Getting a pump through Medicare is a perfect example of too much red
tape and regulation, the process needs improving, but the guidance
and control isn’t there to do so very quickly.
One question, did you actually get a denial from your Medicare
carrier (a hard copy)? You should have. I’d be curious to see
exactly what they use as the denial reason. It might also be helpful
for us to reference when we start sending letters to Congress
demanding Medicare improvement.
Suzanna
February 6th, 2007 at 3:37 pm
Have you checked to see if your Medigap insurance will cover a new pump?
Patrick
February 7th, 2007 at 8:56 pm
Suzanna,
I am in the process of getting the ‘denial’ from Medicare. I expect the reason
to be that I already have a pump; if it isn’t then I have learned something new!

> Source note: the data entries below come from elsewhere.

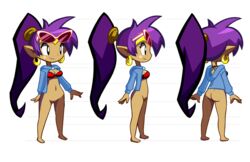 1girls ass barefoot belly bottomless bra breasts casual_exposure character_sheet dark-skinned_female dark_skin earrings edit female female_focus female_only genie hair hoodie jacket navel nude pointy_ears ponytail purple_hair pussy shantae shantae:_half-genie_hero shantae_(character) smile smooth_skin solo solo_focus sunglasses sunglasses_on_head swimsuit turnaround vagina video_games wayforward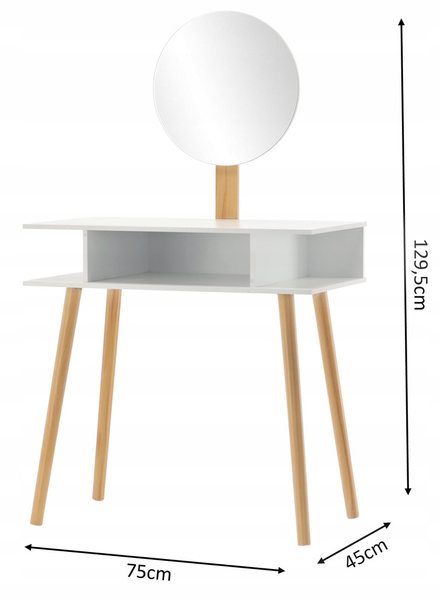 TOALETKA DO WIZAŻU BIAŁA RETRO Z OKRĄGŁYM LUSTREM + TABORET *5803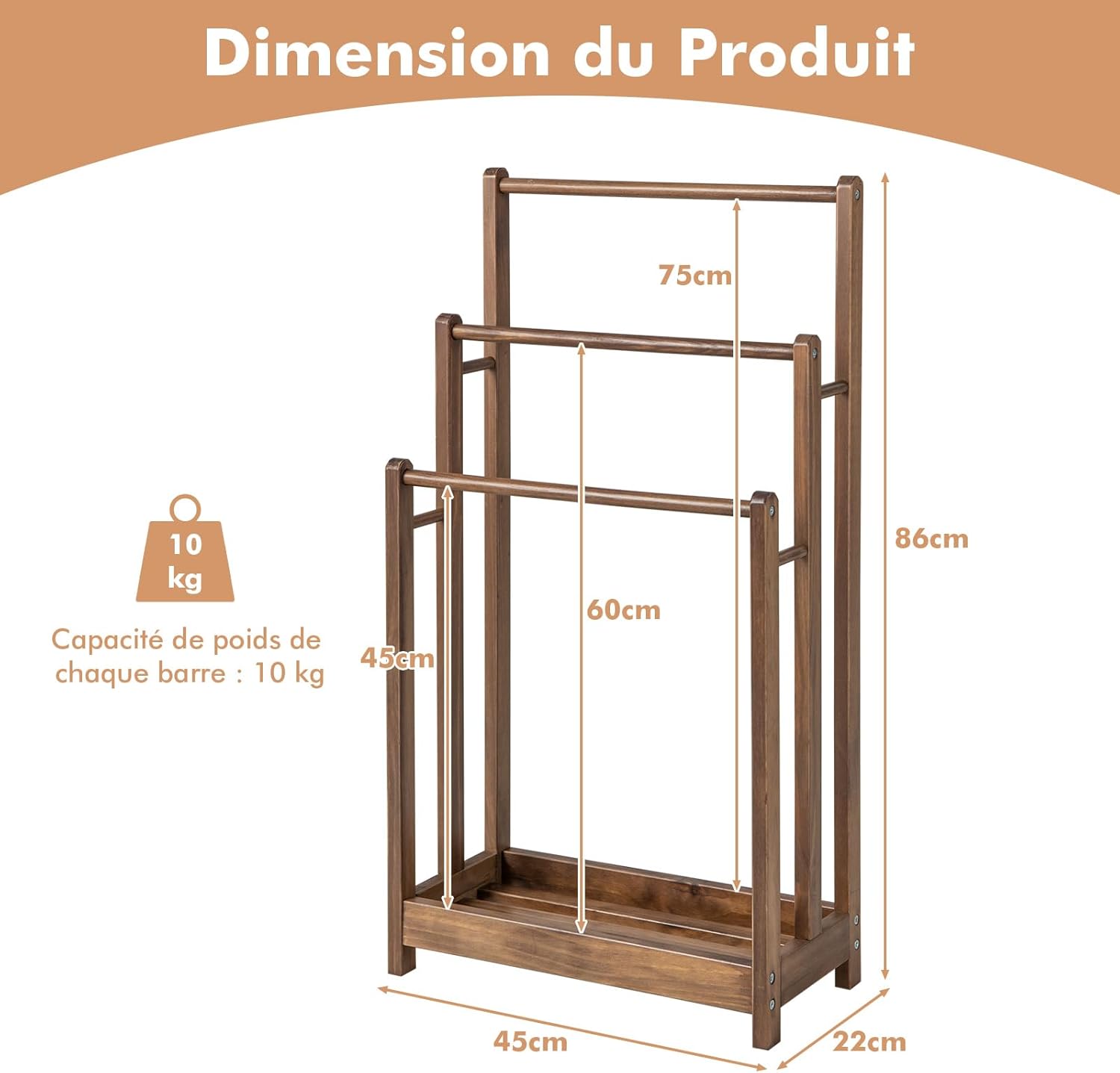 Porte-Serviettes sur Pied en Bois, 3 Barres et Étagère de Rangement Inférieure, Dispositif Anti-Renversement, 22 x 45 x 86 cm, Marron - 3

Once I get the denial, then I qualify for supplies.
Then, I may go for the 508 on a private deal.
Not sure why I really need a 508; the 507 works just fine, but the warranty
expires in November.
David
February 8th, 2007 at 5:39 am
<< So I am looking at springing for a 508 out of my own pocket, and then
getting the free upgrade to the Paradigm later >>
Arent they like $4000? Chrissy
February 8th, 2007 at 9:19 pm
Partick,
No, I have not checked with Medigap, but I already know the answer…NO NO NO.
David
February 9th, 2007 at 5:26 am
Yes, but I get a discount!
They are giving me a trade in allowance.
David
February 9th, 2007 at 2:10 pm
<< Yes, but I get a discount!
They are giving me a trade in allowance.
>>
Thank goodness. Chrissy
February 10th, 2007 at 5:52 pm
Are you sure they aren’t $5,000 ($4,995) before discounts?